So I wonder - looking at that assembly, I get the feeling that it
isn't any better code than gcc could generate from simple C code.
Would it perhaps be better to turn memmove() into C?
That's particularly true because if I read this code right, it now
seems to seriously pessimise non-overlapping memmove's, in that it now
*always* uses that slow downward copy if the destination is below the
source.
Now, admittedly, the kernel doesn't use a lot of memmov's, but this
still falls back on the "byte at a time" model for a lot of cases (all
non-64-bit-aligned ones). I could imagine those existing.
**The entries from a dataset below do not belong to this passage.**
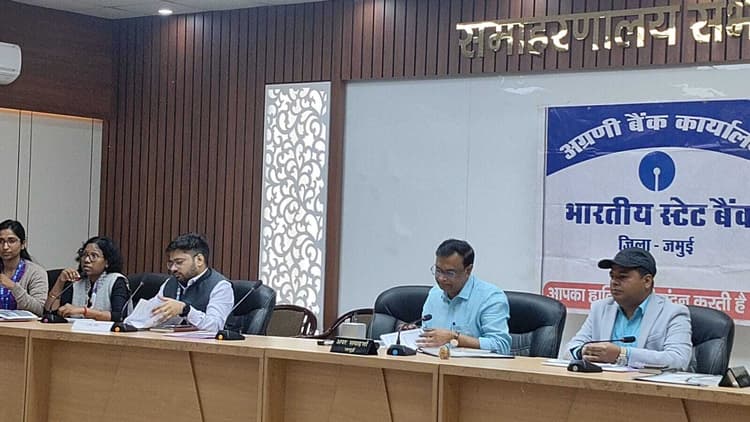 प्राथमिकता क्षेत्रों में बैंकों को ऋण वितरण बढ़ाने का निर्देश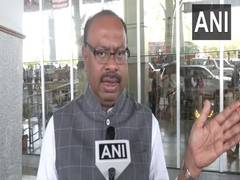 
      
      Maha BJP chief slams K'taka Cong  on removing Savarkar chapter
      
      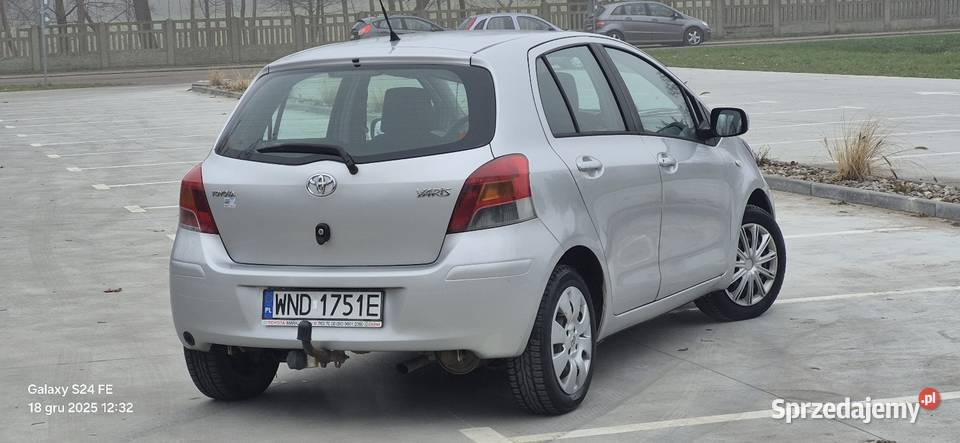 Toyota Yaris 2 13 LPG 5 drzwi Klima Hak Niski poduszka powietrzna Nasielsk
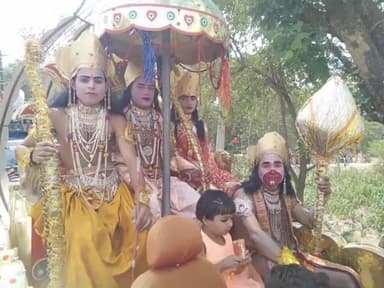 नबीनगर: कांडी गांव में धूमधाम से निकली भव्य कलश शोभायात्रा, भक्ति भाव में डूबे नजर आए भक्त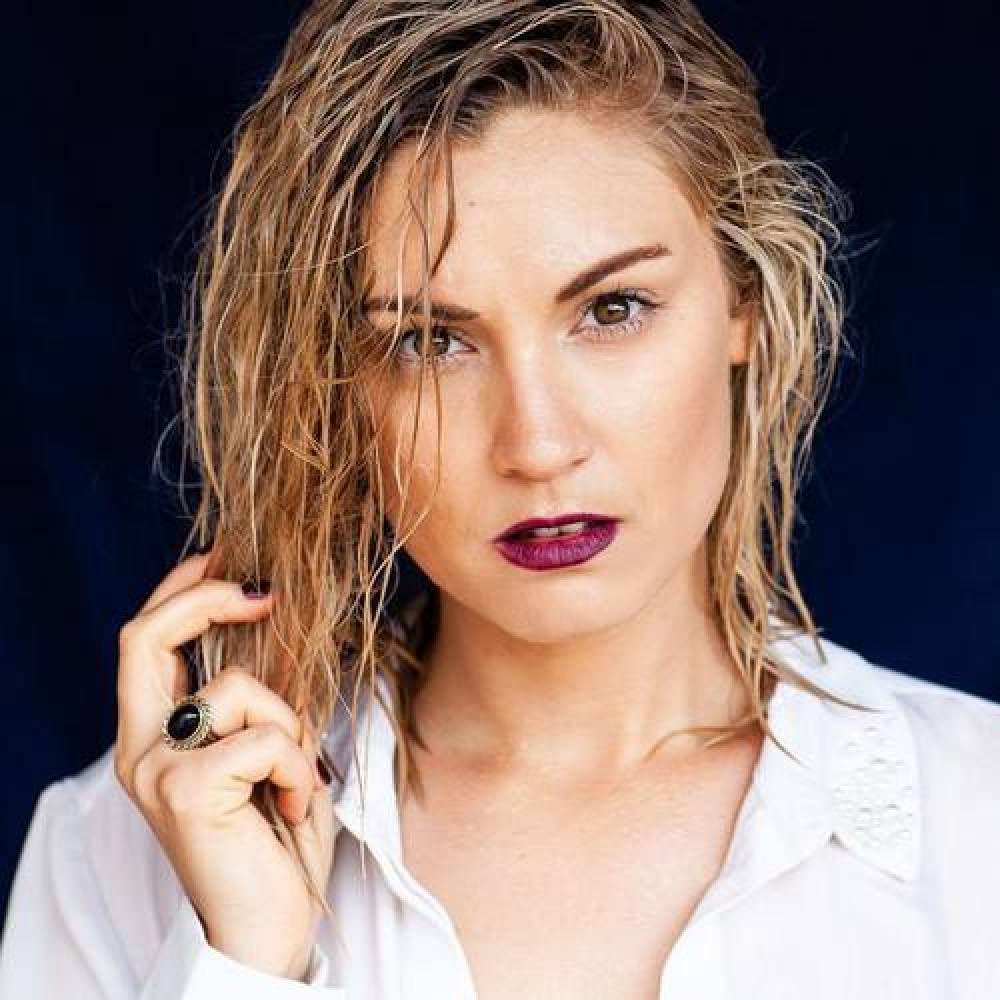 Laura Louise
And some
people (reasonably) hate memcpy because they've been burnt by the
overlapping case and end up using memmove as a "safe alternative", so
it's not necessarily just the overlapping case that might trigger
this.
Maybe the code could be something like
void *memmove(void *dst, const void *src, size_t n);
{
// non-overlapping cases
if (src + n <= dst)
return memcpy(dst, src, n);
if (dst + n <= src)
return memcpy(dst, src, n);
// overlapping, but we know we
// (a) copy upwards
// (b) initialize the result in at most chunks of 64
if (dst+64 <= src)
return memcpy(dst, src, n);
.. do the backwards thing ..
}
(ok, maybe I got it wrong, but you get the idea).
I *think* gcc should do ok on the above kind of code, and not generate
wildly different code from your handcoded version.